The NK cells support cancer stem cell growth by increasing the rate of messages sent through the Wnt signaling pathway (a communication pathway between the tumor and the tumor microenvironment that has a role in both normal and tumor development). Wnt signaling can turn immune cells “on and off,” regulating the cell’s anticancer immune response, meaning the signals can help tumors grow or stop them from growing.

Chakrabarti and her research team also learned that depleting this subset of NK cells or blocking communication between these NK cells and the Wnt pathway slowed the tumor’s progression and spread.

Depleting NK cells also improved the efficiency of an immunotherapy drug and also improved chemotherapy against TNBC in mice.

“We observed a high number of NK cells in several aggressive TNBC mouse models. In contrast, these cells were reduced in ER+/PR+ mouse tumors. This suggests that NK cells in the tumor microenvironment may not occur in breast cancers that are positive for estrogen and progesterone receptors,” Chakrabarti says. 

“Our findings indicate that NK cells in the tumor microenvironment of TNBC are distinct – they’re partly immature and associated with increased metastases and the formation of new blood vessels that promote tumor growth,” she says.

Further studies with larger numbers of patients and their survival records are needed to confirm these findings.

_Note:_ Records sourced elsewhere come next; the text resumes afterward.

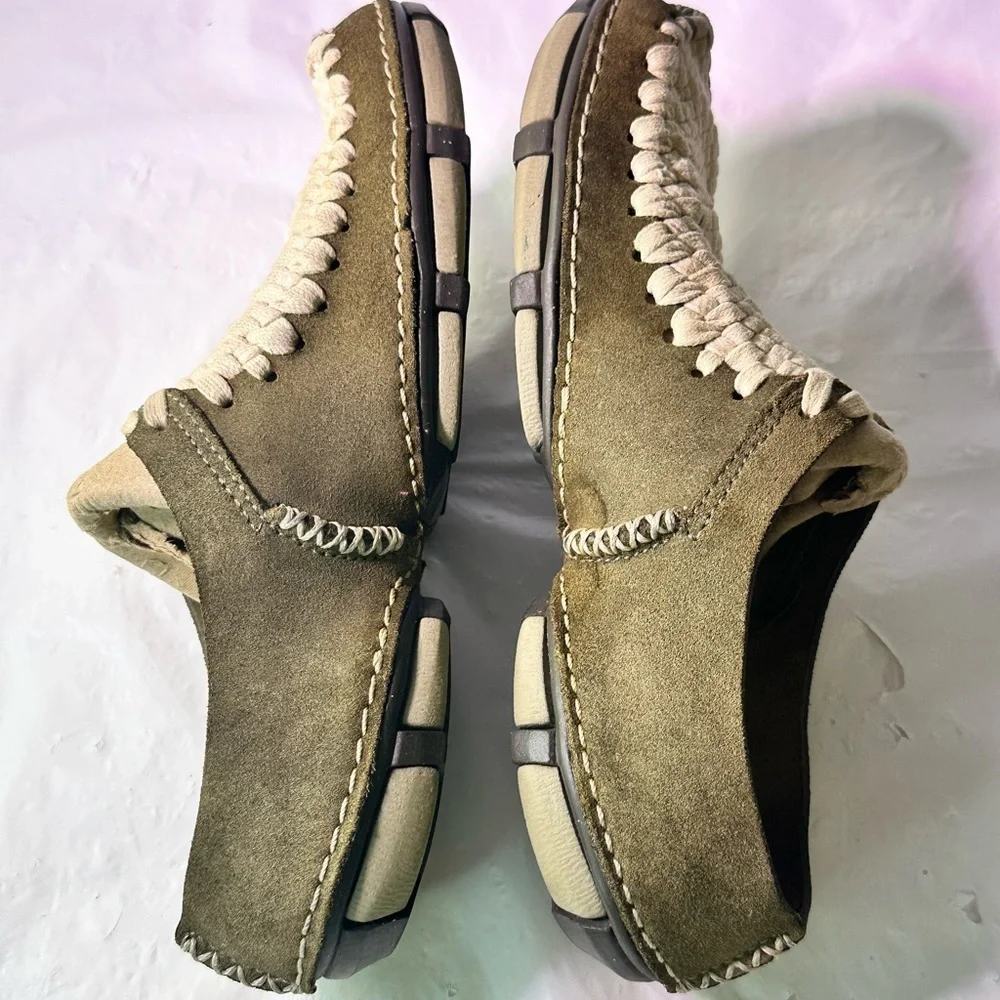 Nike Women's Taupe Suede & Cream Woven Mule
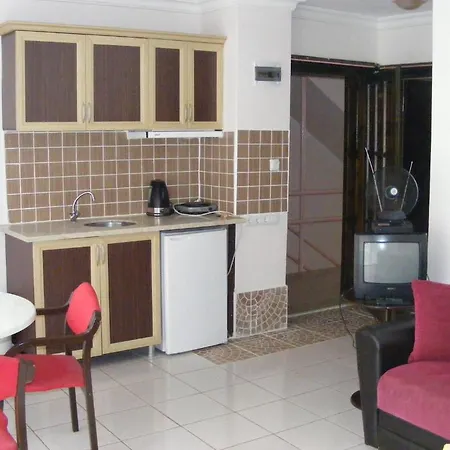 Apart Otel Antik Apart & 2*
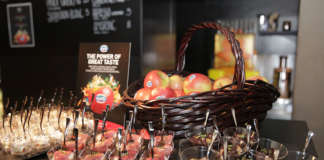La mela Kanzi prodotta dai Consorzi VOG e VI.P, in Alto Adige, ha gusto succoso e croccante e piace a un consumatore giovane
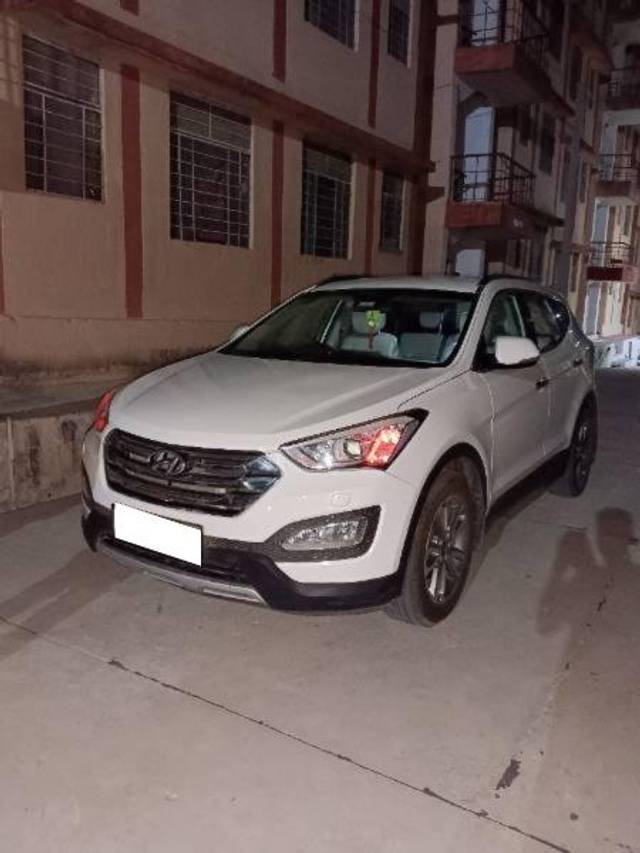 https://images10.gaadi.com/usedcar_image/4317304/original/processed_e5b737c1-e369-4e0d-b4f9-6f773853336d.jpg?imwidth=6400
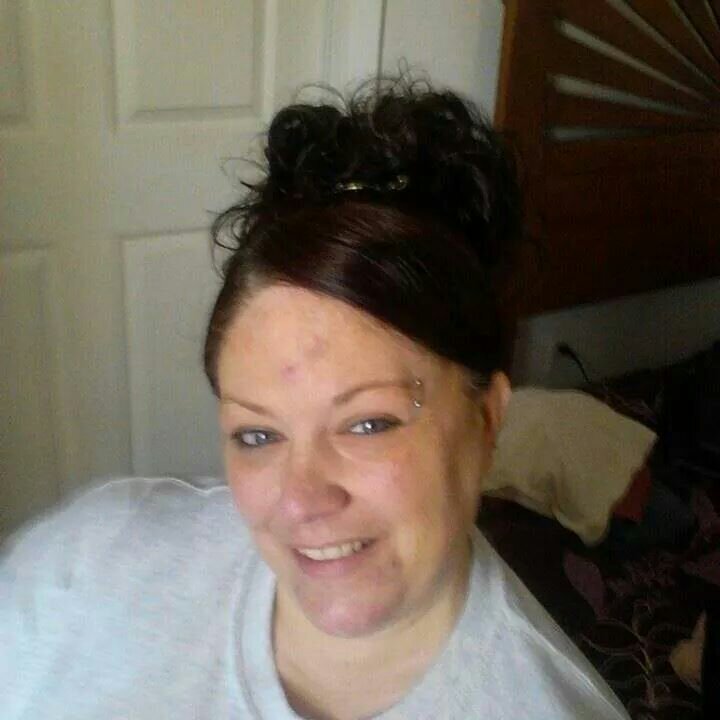 momof3teens1968's profile picture. Im a single mom of 3 young adult who drive me crazy but I love them! My boys r 22& 19,my princess is 20!I like hanging out with great ppl and going to concerts!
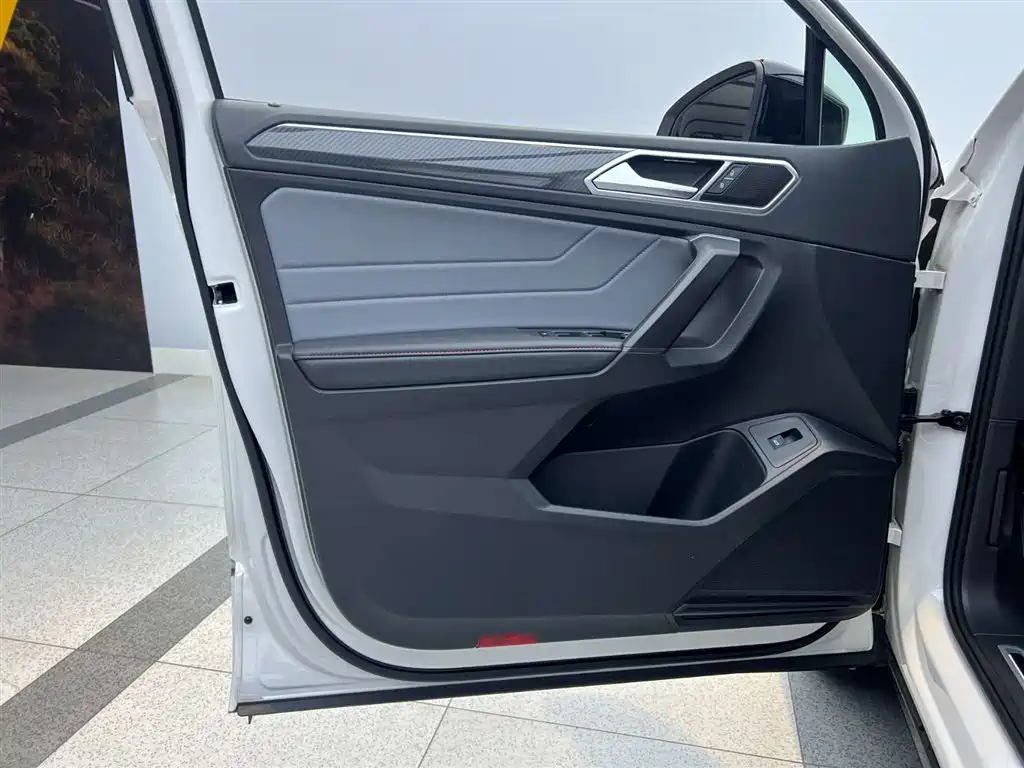 Volkswagen Tiguan X 2022 330TSI FWD Flagship Edition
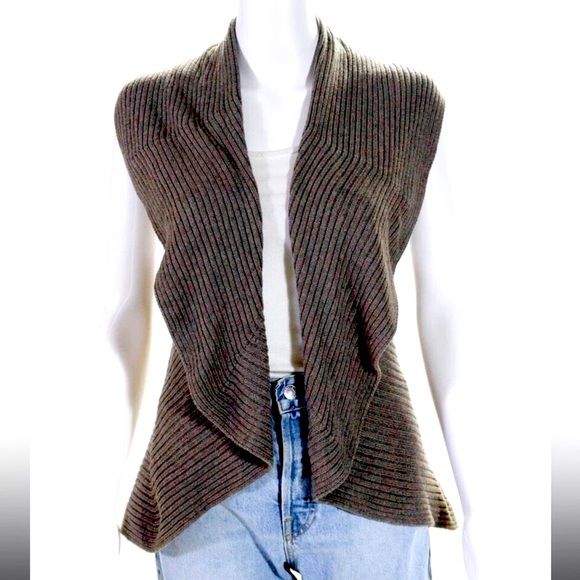 Laurie b. Sweater Vest - Picture 3 of 14
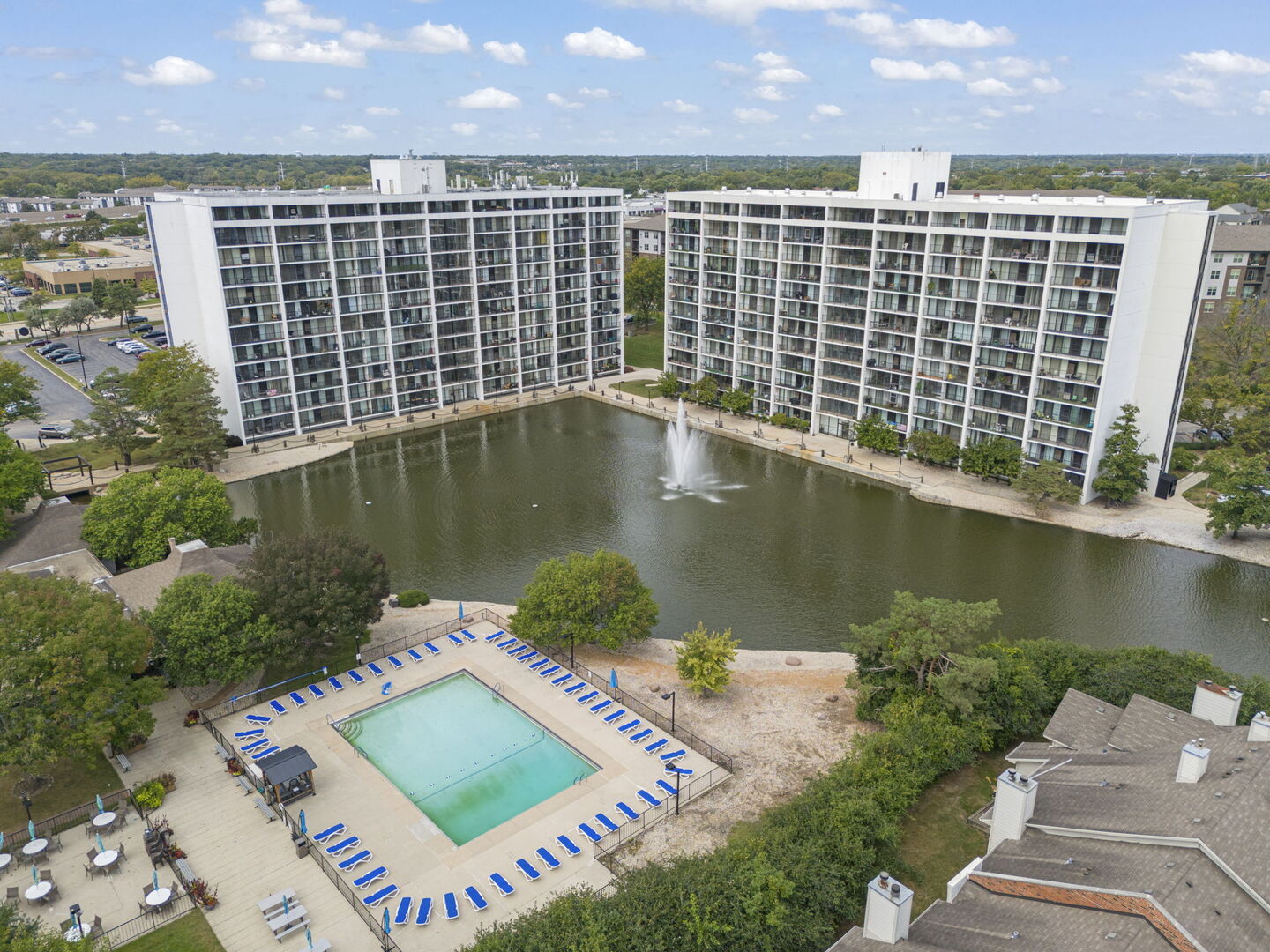 2005 S Finley Road #901, Lombard, IL 60148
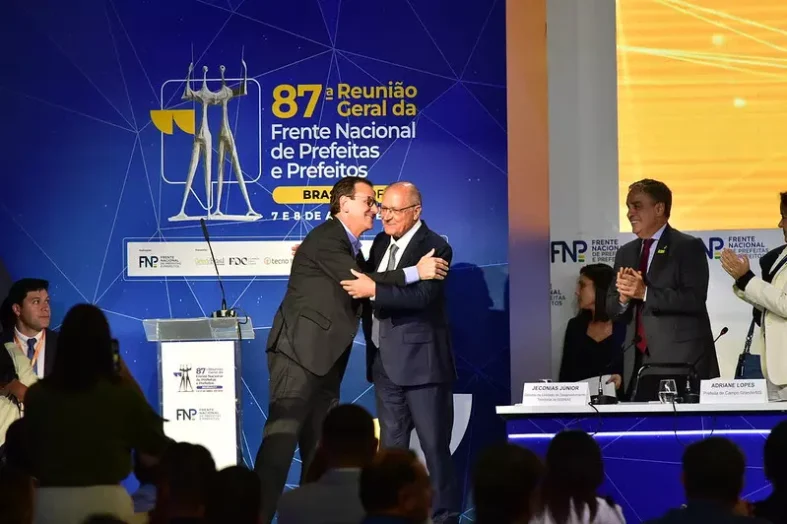 Eduardo Paes toma posse como presidente da FNP. Evento contou com presença do vice-presidente Geraldo Alckmin. Foto por Zeca Ribeiro/ FNP.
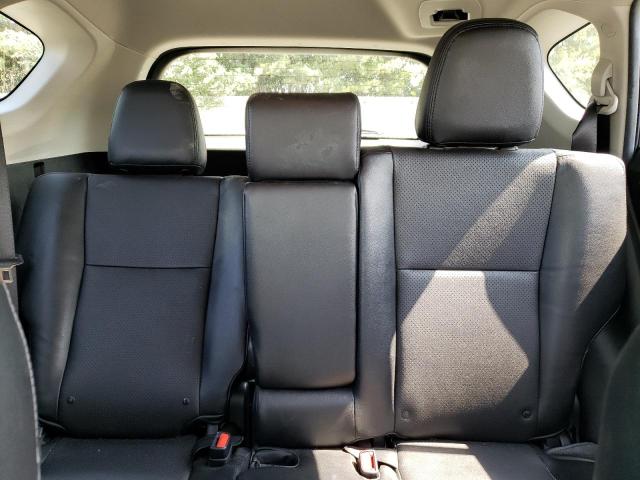 Photo 10 from auction – 2018 TOYOTA RAV4 with VIN JTMRFREV1JJ222315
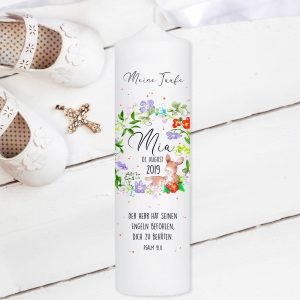 Auf dem Bild ist das Produkt: weiße Taufkerze Kerze zur Taufe oder Geburt Blumenkranz Häschen mit Name Datum Taufspruch zum Preis von €5.9 abgebildet.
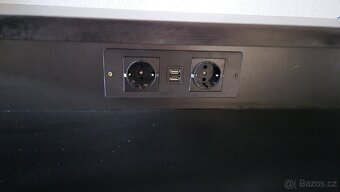 Herní stůl se zásuvkami a usb - 3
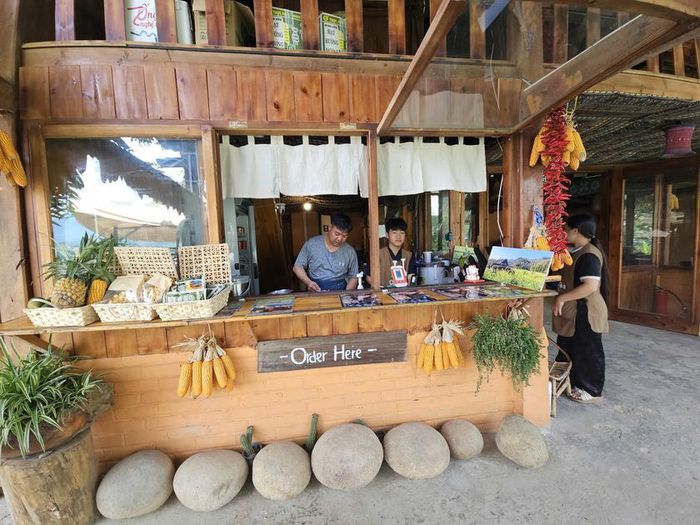 Quán là điểm đến hút khách. Ảnh: Tuệ Nhi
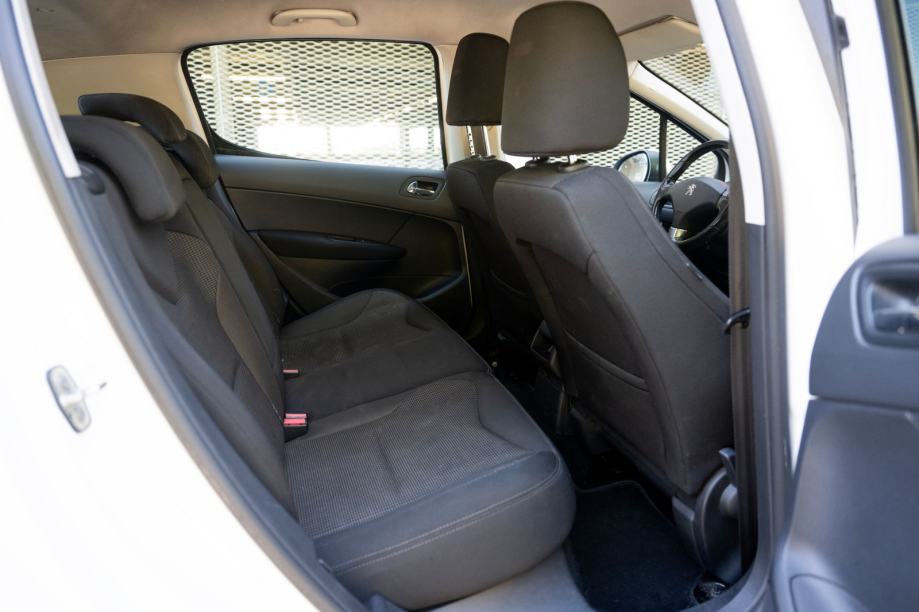 Peugeot 308 1.6 HDi Style (2013.) – 176.000 km, fotografija 17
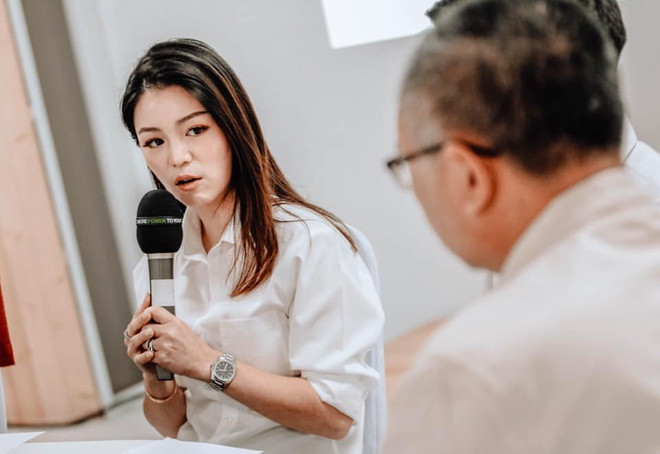 Gạt đi mọi sự hoài nghi về năng lực, nữ quan chức xinh đẹp sinh năm 1984 thể hiện bản thân và những quyết định hết sức đứng đắn của mình để đưa bóng đá Thái Lan lên đỉnh của sân chơi cấp đội khu vực.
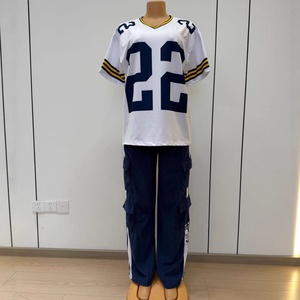 Conjunto de Dos Piezas de Moda Femenina Transfronteriza, Estilo Europeo y Americano, Estampado Digital, Top con Cuello en V, Pantalones Cargo con Estampado de <span class=keywords><strong>Trébol</strong></span>, Estilo Urbano, Deportivo y Moderno - Product Image 2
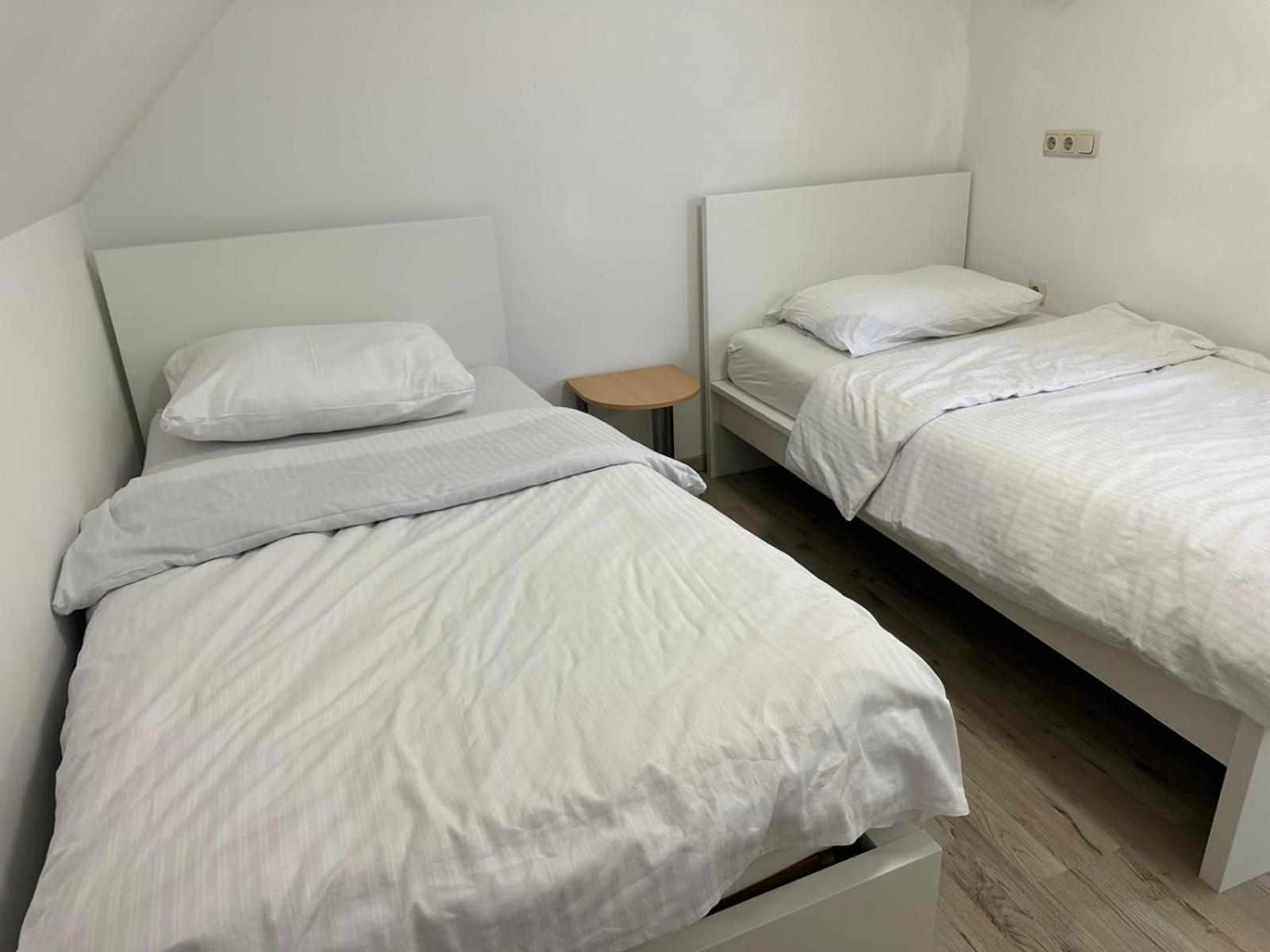 Upper-House Goldener Hirsch Hotell Aystetten Exteriör bild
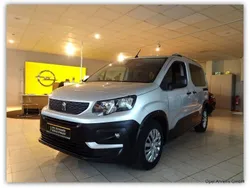 Grau Gebraucht 2020 Peugeot Rifter Active Van / Kleinbus | 15.999 € (Guter Preis)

Study of TNBC human tissue samples. When the scientific team analyzed tissue samples from women being treated for TNBC, their findings were similar to the ones they had with mice. They observed:

  • The TNBC tumor microenvironment had a higher number of immature subset of NK cells compared to the number in non-TNBC (ER+/PR+) patient samples.
  • A link between high numbers of the subset of NK cells in the sample and a poorer overall survival rate for TNBC.
  • Reducing the numbers of these NK cells or blocking the Wnt signaling, together with using either a specific immunotherapy (immune checkpoint inhibitor) or a specific chemotherapy drug, slowed the growth of the tumor.

Together, the researchers’ findings identify a population of immature and non-cytotoxic NK cells that promote the growth of TNBC instead of killing them.

That means these NK cells can be further studied to learn if they can help with diagnosis, treatment, or both. 

Why It Matters

The study provides insight into the paradox of how specific, immature NK cells don’t kill harmful cells as they do in the bloodstream, but instead lead to tumor growth in TNBC by activating Wnt signaling. The function of NK cells with cancer highly depends on how mature they are and where they are in the body and proximity to the tumor.

Chakrabarti’s discovery that reducing the numbers of this NK cell subset reduced the progression of tumors at both early and late stages suggests that targeting them may be helpful for preventing progression to an advanced stage.

More studies to identify additional features of these cells will help scientists develop more targeted treatments against TNBC.

“Our research shows promise for the use of combination therapy targeting this special subset of NK cells along with a specific immunotherapy or chemotherapy,” Chakrabarti says. “Our hope is that these new insights may lead to better treatments that improve and lengthen the lives of women with TNBC who currently face so many challenges.”